*Data extracts*
Segment Open

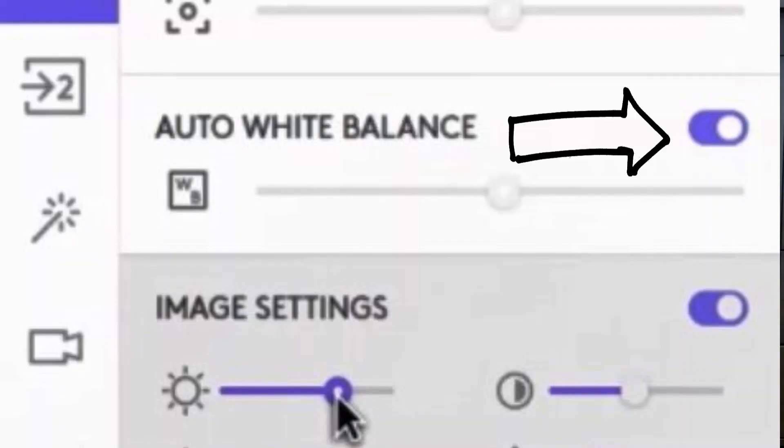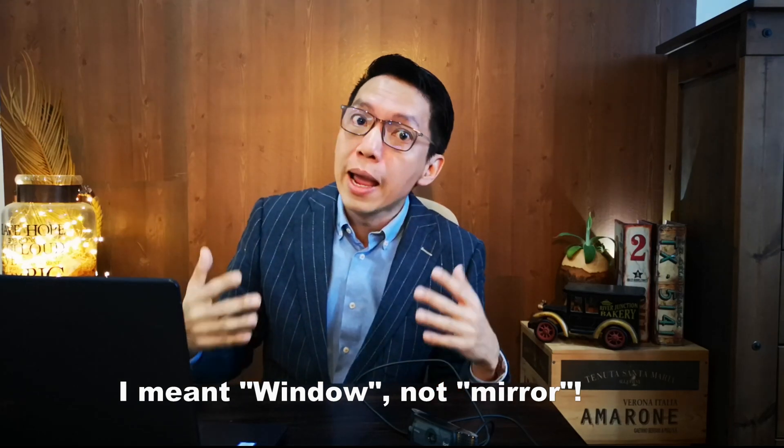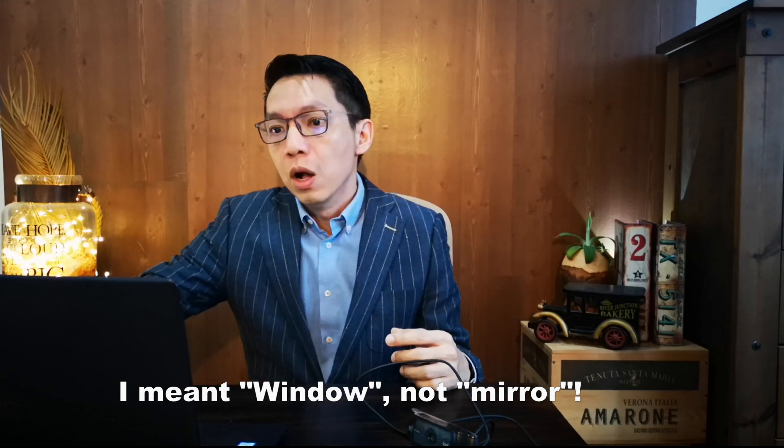Go to your app and uncheck the auto white balance, because your app and your camera tend to bring it back and balance it to a more fluorescent white look. But if you don't have that and don't want the warm look, at least face your laptop or whatever camera you have towards the window so you get natural light and your face will look brighter.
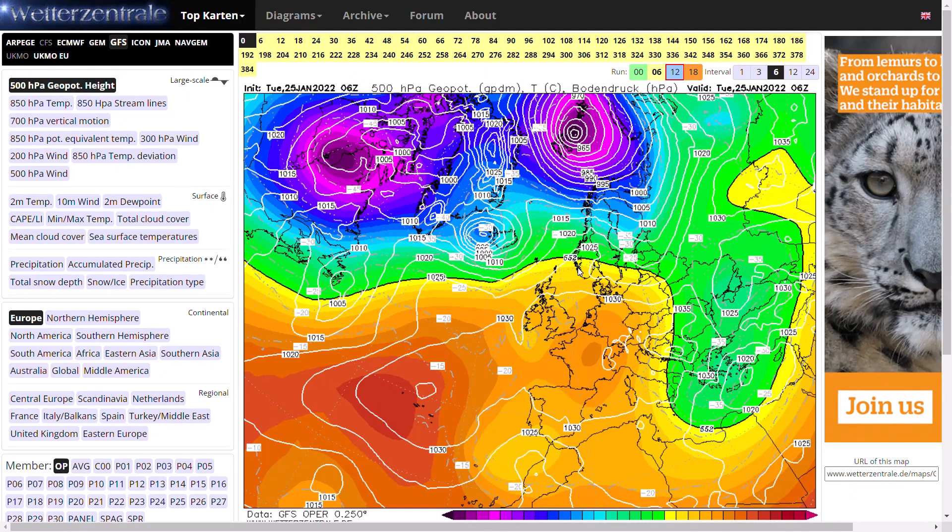Welcome everyone, back to weekly weather updates. In today's video we're going to have a look at the latest from the GFS, the GEM, the ECMWF, the GFS and ECMWF ensembles, and we'll finish up having a look at the UK Met Office 5 Day Precipitation and Temperature.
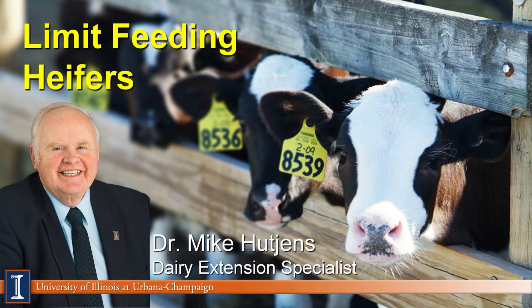Hi, I'm Mike Cutchins, Extension Dairy Specialist at the University of Illinois. Today's module will cover limit feeding of dairy heifers.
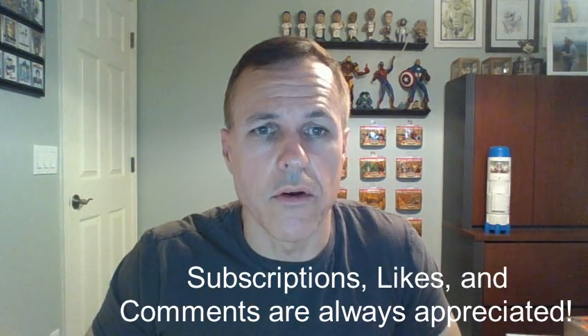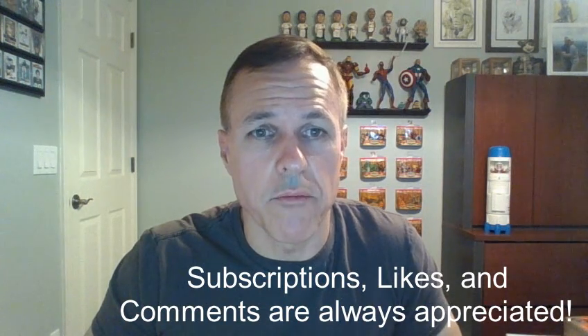I also encourage you to subscribe so you can be notified whenever I drop new videos. Please give me a thumbs up and feel free to make comments. And until next time, remember — we're taking over the world one comic book at a time.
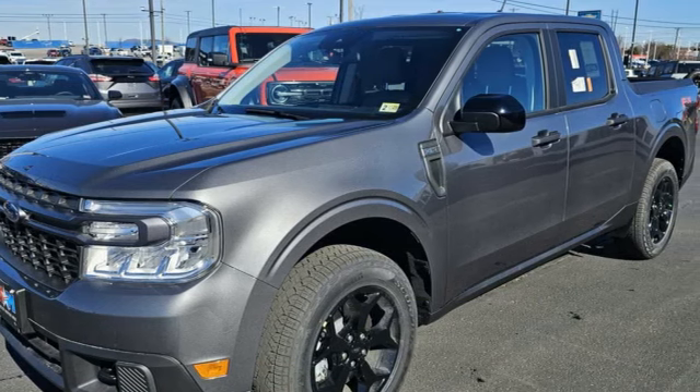Ford, where tradition meets innovation. Driving is believing. Test drive it today.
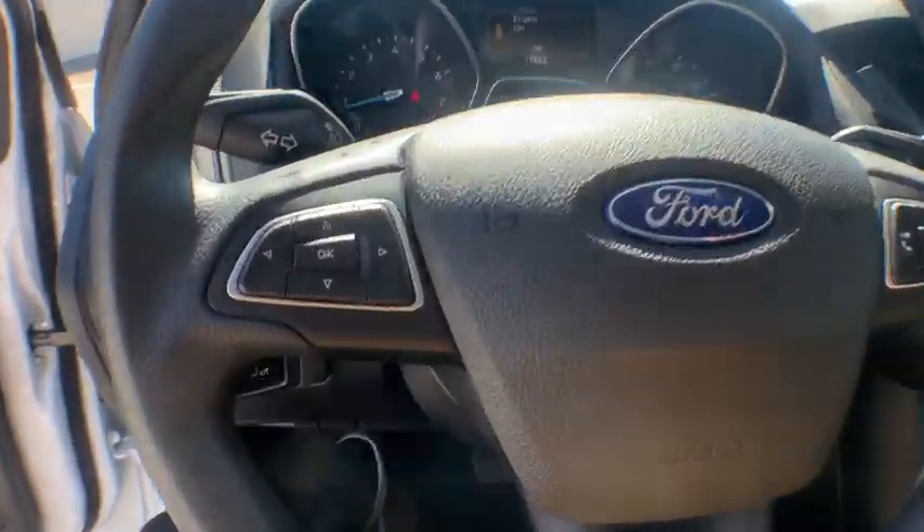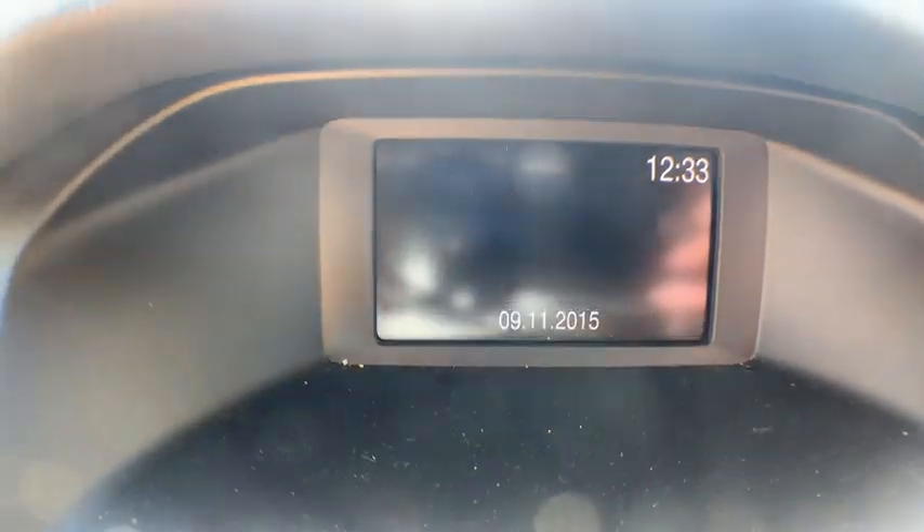Rear window defroster. Overhead console. Tachometer. Remote keyless entry. Panic alarm. Brake assist. Driver vanity mirror.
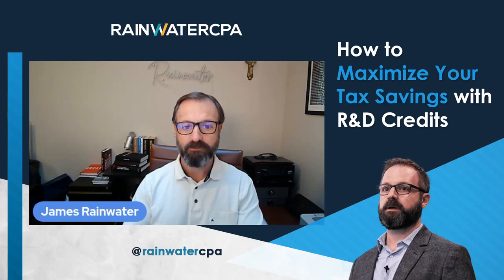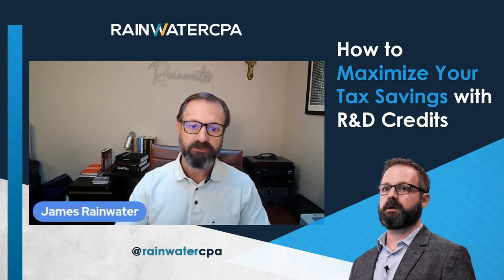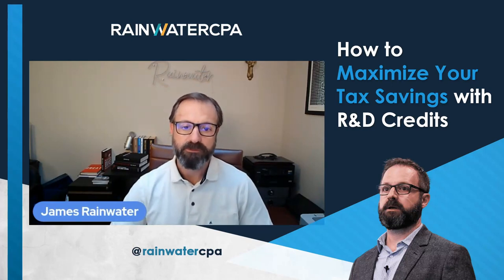If they can document that, and can document the time and costs related to that, then we can use that as research and development and calculate the credit based off of that.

Segment Closed

*Task objective*
Each line above is to be repeated exactly as written; no picture is carried over.

*The completed task*
Go to your app and uncheck the auto white balance, because your app and your camera tend to bring it back and balance it to a more fluorescent white look. But if you don't have that and don't want the warm look, at least face your laptop or whatever camera you have towards the window so you get natural light and your face will look brighter.
Welcome everyone, back to weekly weather updates. In today's video we're going to have a look at the latest from the GFS, the GEM, the ECMWF, the GFS and ECMWF ensembles, and we'll finish up having a look at the UK Met Office 5 Day Precipitation and Temperature.
Hi, I'm Mike Cutchins, Extension Dairy Specialist at the University of Illinois. Today's module will cover limit feeding of dairy heifers.
I also encourage you to subscribe so you can be notified whenever I drop new videos. Please give me a thumbs up and feel free to make comments. And until next time, remember — we're taking over the world one comic book at a time.
Ford, where tradition meets innovation. Driving is believing. Test drive it today.
Rear window defroster. Overhead console. Tachometer. Remote keyless entry. Panic alarm. Brake assist. Driver vanity mirror.
If they can document that, and can document the time and costs related to that, then we can use that as research and development and calculate the credit based off of that.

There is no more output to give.